The pasta will eventually soften up and you can fish out a strand after about 8 minutes. Break the strand and feel the texture and inspect the white dot inside the pasta. The white dot is the amount of uncooked pasta. The white dot will eventually develop into a white ring. At this point, turn off the heat and let the residual heat of the hot water finish the pasta for you. Let the pasta sit in the hot water for about 5 minutes. Take the pasta out and you can see the white ring is gone and the center is slightly deeper colour than the outside. It is done. la pasta di dente di el è l’anima di cucinare = el dente pasta is the soul of cooking.
You can adjust the doneness of the pasta to your liking by adjusting the time the pasta sits in the hot water.
Drain or take the pasta out of the water and add them to your desired sauce. Pasta cooked in this way will not stick. It will be el dente, and ready to be enjoyed. Mind you, pasta sitting in water for too long will absorb more liquid and it will expand and becomes mushy. You can also employ the 2-pot technique. Heat the sauce up in one pot while cooking pasta with the other. Then you just use a strainer and take the pasta over and mix in with the sauce.
If you are adventurous enough, you can make a cream sauce, mix the pasta in, put it in a baking dish and spread a layer of cheese on top and bake it in the oven. It will be a totally different dish.
Fresh pasta will be different and I am experimenting with my machine to come up with a nice formula. The type of flour we use is important. We desire the winter Durham wheat which is strong flour different from the ordinary cake flour or pastry flour. The winter wheat flour is also called semolina which you can find from local bulk barn or grocery stores. The semolina has the harder quality which gives more tolerance when you are knitting the dough. It has a tendency not to stick together too much.

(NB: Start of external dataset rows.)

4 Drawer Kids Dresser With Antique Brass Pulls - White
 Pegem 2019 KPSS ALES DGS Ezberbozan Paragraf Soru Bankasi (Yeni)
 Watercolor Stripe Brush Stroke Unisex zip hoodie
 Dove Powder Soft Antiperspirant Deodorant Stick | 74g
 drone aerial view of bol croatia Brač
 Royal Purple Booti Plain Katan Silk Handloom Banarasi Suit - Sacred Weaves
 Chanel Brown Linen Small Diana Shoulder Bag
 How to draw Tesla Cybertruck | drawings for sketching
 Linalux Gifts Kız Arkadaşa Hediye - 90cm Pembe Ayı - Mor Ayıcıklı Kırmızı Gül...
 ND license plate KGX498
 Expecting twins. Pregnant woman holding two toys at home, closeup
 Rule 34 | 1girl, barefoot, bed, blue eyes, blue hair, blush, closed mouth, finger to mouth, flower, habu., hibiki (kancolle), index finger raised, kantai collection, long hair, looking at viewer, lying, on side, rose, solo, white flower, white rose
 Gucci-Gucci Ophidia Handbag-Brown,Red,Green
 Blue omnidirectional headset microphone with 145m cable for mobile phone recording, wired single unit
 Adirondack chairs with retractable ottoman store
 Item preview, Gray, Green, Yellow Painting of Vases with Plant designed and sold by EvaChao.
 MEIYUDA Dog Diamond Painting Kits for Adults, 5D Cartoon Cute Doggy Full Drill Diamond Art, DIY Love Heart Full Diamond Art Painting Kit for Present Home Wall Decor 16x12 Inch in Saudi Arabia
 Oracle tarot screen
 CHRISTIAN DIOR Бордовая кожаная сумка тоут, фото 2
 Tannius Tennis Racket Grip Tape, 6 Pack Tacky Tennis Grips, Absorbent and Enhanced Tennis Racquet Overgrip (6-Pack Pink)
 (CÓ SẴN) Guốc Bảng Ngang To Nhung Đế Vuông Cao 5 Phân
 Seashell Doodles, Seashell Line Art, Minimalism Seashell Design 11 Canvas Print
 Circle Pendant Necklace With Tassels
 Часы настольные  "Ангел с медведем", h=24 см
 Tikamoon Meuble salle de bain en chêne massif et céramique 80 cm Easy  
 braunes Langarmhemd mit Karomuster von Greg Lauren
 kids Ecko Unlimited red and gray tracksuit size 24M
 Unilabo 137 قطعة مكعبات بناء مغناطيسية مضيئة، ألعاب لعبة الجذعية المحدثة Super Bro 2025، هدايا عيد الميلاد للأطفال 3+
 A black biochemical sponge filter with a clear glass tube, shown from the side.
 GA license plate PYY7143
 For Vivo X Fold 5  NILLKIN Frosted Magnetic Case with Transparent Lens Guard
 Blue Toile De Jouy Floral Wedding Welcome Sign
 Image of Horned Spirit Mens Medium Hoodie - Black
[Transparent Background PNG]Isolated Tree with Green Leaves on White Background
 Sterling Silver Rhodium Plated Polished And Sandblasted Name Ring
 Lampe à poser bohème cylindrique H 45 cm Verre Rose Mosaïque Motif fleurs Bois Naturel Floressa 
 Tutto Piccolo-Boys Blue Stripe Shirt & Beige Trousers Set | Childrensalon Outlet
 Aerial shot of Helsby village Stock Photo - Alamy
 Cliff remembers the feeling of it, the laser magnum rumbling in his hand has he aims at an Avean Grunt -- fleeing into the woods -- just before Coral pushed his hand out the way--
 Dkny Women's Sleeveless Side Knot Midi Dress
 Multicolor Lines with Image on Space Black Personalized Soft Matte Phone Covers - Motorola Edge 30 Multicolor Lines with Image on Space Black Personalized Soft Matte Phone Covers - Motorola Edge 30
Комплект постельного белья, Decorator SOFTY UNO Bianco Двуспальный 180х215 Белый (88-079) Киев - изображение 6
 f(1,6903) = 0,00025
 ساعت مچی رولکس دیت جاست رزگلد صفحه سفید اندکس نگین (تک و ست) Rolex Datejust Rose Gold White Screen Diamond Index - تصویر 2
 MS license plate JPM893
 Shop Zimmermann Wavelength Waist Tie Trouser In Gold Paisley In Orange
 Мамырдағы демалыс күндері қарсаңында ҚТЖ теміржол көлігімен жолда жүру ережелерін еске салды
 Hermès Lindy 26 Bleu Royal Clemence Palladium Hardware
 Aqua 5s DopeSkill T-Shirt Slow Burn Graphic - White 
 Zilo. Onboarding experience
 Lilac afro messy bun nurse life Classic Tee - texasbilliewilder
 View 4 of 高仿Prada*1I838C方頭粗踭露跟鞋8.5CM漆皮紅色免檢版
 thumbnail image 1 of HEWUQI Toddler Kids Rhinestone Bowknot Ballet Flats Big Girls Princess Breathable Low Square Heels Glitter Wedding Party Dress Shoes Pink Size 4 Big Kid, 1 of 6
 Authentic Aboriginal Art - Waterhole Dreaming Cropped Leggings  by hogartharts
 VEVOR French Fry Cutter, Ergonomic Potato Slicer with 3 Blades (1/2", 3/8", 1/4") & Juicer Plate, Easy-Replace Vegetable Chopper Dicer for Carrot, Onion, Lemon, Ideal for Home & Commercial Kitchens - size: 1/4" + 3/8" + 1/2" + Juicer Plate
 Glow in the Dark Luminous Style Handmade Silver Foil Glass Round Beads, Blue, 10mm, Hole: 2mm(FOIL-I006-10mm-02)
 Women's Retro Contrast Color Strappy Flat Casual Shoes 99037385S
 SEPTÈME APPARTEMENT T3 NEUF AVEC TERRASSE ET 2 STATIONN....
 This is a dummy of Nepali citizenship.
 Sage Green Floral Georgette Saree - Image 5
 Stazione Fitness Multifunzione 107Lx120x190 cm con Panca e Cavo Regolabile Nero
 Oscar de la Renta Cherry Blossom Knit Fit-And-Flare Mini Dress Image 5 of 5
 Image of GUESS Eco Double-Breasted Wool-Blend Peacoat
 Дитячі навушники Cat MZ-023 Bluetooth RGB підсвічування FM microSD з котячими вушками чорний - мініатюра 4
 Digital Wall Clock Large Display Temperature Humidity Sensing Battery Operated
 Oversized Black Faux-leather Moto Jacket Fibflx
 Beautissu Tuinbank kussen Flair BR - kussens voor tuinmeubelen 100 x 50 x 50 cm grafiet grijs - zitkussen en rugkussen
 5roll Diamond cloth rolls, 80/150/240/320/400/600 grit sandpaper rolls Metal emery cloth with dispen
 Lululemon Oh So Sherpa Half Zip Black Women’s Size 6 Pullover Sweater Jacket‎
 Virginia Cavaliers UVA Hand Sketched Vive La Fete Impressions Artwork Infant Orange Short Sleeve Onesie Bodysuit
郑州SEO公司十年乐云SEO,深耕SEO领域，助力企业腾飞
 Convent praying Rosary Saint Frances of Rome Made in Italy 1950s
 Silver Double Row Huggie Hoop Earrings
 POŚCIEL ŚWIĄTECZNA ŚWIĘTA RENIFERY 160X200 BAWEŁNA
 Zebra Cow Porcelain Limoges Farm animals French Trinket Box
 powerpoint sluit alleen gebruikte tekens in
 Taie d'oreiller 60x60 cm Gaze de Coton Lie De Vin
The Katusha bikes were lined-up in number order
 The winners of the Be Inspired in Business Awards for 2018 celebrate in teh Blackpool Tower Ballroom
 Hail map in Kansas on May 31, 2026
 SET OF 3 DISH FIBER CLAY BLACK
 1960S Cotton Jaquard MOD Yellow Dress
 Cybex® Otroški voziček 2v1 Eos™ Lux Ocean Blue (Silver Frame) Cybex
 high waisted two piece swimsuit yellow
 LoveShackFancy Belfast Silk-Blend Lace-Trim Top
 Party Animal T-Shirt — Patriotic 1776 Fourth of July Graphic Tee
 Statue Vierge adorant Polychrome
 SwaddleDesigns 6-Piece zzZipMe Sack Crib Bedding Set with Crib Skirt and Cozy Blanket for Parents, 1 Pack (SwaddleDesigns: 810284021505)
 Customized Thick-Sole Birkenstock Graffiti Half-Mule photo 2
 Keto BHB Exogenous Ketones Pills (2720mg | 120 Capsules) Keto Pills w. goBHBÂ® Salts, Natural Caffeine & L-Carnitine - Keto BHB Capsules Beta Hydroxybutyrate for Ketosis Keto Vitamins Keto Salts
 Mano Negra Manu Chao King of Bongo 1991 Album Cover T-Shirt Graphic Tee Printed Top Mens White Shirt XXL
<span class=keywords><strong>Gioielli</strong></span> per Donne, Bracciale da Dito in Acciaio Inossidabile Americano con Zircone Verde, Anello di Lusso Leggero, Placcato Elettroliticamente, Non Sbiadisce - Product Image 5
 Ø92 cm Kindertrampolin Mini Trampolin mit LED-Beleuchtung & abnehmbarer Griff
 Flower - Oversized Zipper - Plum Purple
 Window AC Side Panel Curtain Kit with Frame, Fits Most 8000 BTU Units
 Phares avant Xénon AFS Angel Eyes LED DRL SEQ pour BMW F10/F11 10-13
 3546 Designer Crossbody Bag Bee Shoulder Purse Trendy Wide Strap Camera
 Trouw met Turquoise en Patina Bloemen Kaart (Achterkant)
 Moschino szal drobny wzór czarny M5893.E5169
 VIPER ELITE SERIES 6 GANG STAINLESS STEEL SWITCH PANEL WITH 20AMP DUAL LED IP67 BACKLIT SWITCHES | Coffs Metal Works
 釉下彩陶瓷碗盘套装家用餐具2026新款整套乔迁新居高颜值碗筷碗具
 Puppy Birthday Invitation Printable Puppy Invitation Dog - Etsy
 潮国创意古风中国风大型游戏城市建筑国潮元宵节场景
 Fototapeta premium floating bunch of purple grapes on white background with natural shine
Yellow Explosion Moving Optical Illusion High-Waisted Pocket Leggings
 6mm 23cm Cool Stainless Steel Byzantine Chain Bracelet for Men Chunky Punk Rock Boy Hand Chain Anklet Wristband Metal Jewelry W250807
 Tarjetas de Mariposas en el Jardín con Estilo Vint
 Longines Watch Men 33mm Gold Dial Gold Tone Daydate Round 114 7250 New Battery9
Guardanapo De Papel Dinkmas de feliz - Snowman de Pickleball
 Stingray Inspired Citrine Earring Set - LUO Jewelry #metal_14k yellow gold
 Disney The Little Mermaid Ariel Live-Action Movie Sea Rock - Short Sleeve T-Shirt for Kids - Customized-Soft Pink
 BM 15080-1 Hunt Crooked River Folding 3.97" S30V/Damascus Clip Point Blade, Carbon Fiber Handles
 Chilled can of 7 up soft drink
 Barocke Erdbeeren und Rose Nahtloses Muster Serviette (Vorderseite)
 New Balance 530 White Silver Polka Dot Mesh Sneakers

For the meantime, we stay with the rule, “The simpler, the better”
Cooking, like anything else, starts with a simple principle and you add your favourite twists and turns to it and make it your own version. That is when creativity plays its part. Nowadays things are even simpler since there are so many sauces and spices readymade to be utilized.
Experimentation is the father of invention.
The ultimate goal is to create something (of course it has to be eatable) that looks good, smells good and tastes good.
There is no 1 fixed rule for anything, and that make us all food revolutionaries.